The present invention is drawn to a self-propelled trailer for any purpose having a tongue jack which includes a support wheel which is powered by any suitable means. The preferred embodiment of the invention is a trailer which includes means for heating asphalt and a self-propelled tongue jack.
The prior art describes several types of devices used in coupling and uncoupling trailers. U.S. Pat. No. 5,451,076 to Burkhead discloses a pneumatic landing gear to raise and lower the feet of a trailer eliminating the need for a hand crank. Here, the gear incorporates the use of a pneumatic actuator which is powered by air from already existing air pressure in the trailer. The gear can be installed during the manufacturer of the trailer or as an add-on to an already existing trailer.
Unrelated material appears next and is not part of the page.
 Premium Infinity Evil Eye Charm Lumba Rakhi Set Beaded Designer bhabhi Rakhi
A device to align a trailer to the tow bar of a towing vehicle is described in Knisley, U.S. Pat. No. 5,338,047. The device has a wheeled body for easy rotation and alignment of the trailer tongue.
Morrison, U.S. Pat. No. 4,779,889, discloses a swivel wheel for a trailer. The wheel assembly has a goose-necked shaped axle and is capable of being mounted on a variety of trailer frames. The invention allows for a pivot means for easy movement of the trailer and a locking means to prevent any unwanted pivoting.
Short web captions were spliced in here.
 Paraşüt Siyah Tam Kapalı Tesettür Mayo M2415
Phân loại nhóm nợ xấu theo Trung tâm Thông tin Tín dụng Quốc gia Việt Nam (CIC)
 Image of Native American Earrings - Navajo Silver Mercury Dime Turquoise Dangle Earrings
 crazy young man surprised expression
A drive mechanism for trailer lifting gear is described in Busby, U.S. Pat. No. 4,345,779. The trailer lifting gear has two telescopic support legs, an air driven rotary drive, and a connecting means. The telescopic support legs are generally wheeled to ease in movement of the trailer. The air driven rotary drive can be connected to a currently existing source of air pressure on the trailer.
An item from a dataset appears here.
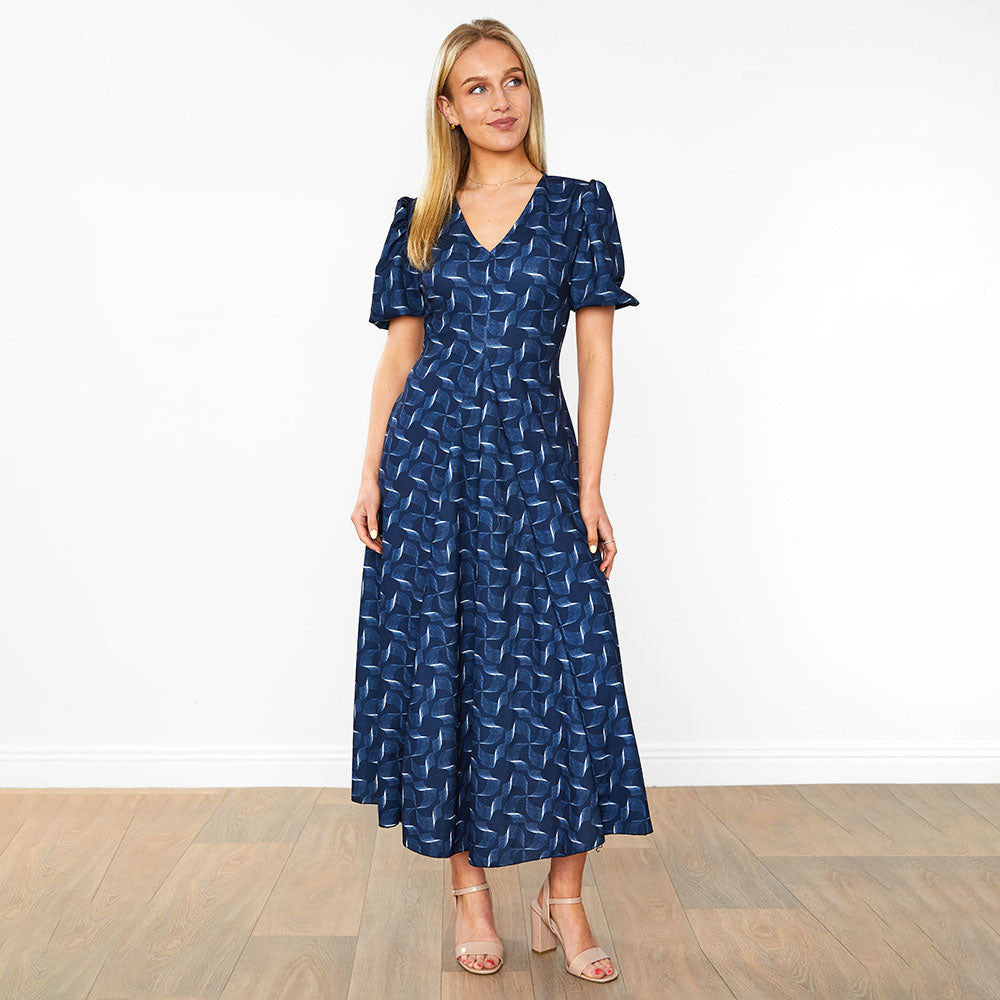Flora Dress (Navy Abstract)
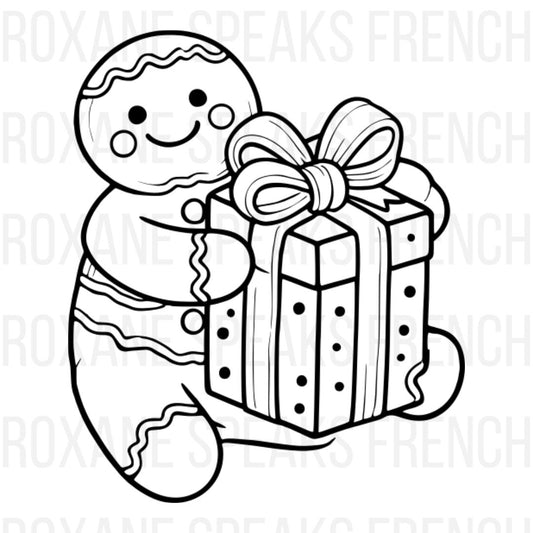 A cute gingerbread man holding a wrapped gift with a large bow on top. The gingerbread man has a smiling face with round cheeks, simple icing details, and is sitting while hugging the present.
United Kingdom Patent No. GB 2 223 465 A to Flounders discloses an articulated vehicle which has a tractor and a trailer. The trailer has a wheeled front end support which can be raised and lowered by a direct current electric motor. The invention is intended to eliminate the use of a hand crank to raise and lower the trailer for attachment and detachment.
The prior art also describes various processes for heating surfaces, including asphalt. A process for continuously heating an asphalt surface is described in Wiley et al., U.S. Pat. No. 5,653,552. The process involves moving at least two independent heaters arranged in a series back and forth along the asphalt surface until the asphalt is heated to the desired temperature. In addition, the process may involve rupturing the heated asphalt to establish a ruptured upper surface. After moisture is eliminated through mixing of the ruptured upper surface, the surface is pressed to provide a recycled asphalt surface.
U.S. Pat. No. 5,218,952 to Neufeldt describes a radiant heating apparatus used to heat a large surface area of asphalt to a desired temperature. The heating apparatus uses a pressurized gaseous fuel, such as propane, to generate heat and has an open bottom, covered with a layer of ceramic fiber between two layers of mesh and an upper chamber.
O'Brien, U.S. Pat. No. 5,188,481, discloses an asphalt heating unit which heats already existing asphalt surfaces. The heating unit rests on a movable frame which allows rotation of the heating unit to several positions. One embodiment of the invention substitutes a trailer for the movable frame. In addition, the heating unit may use various forms of heating sources in its heating chamber, such as an infrared heater.
U.S. Pat. No. 5,114,284 to Keizer et al. is a continuation of U.S. Pat. No. 4,749,303 to Keizer et al. The applications disclose a hinged asphalt heater. The heater has two heating sections with a hinge in the middle. Both sections contain wheels to allow the sections to be moved along the surface to be heated. The outer casing of the first section contains a removable fuel tank and the outer casing of the second section contains a set a trailer tires and a trailer tongue. The hinge allows the sections to be folded together so that the wheels of the second section are touching the ground and the trailer tongue can be attached to a vehicle for the easy movement of the heater. Each section has a mixing channel which receives a combustible fuel mixture for heating the section.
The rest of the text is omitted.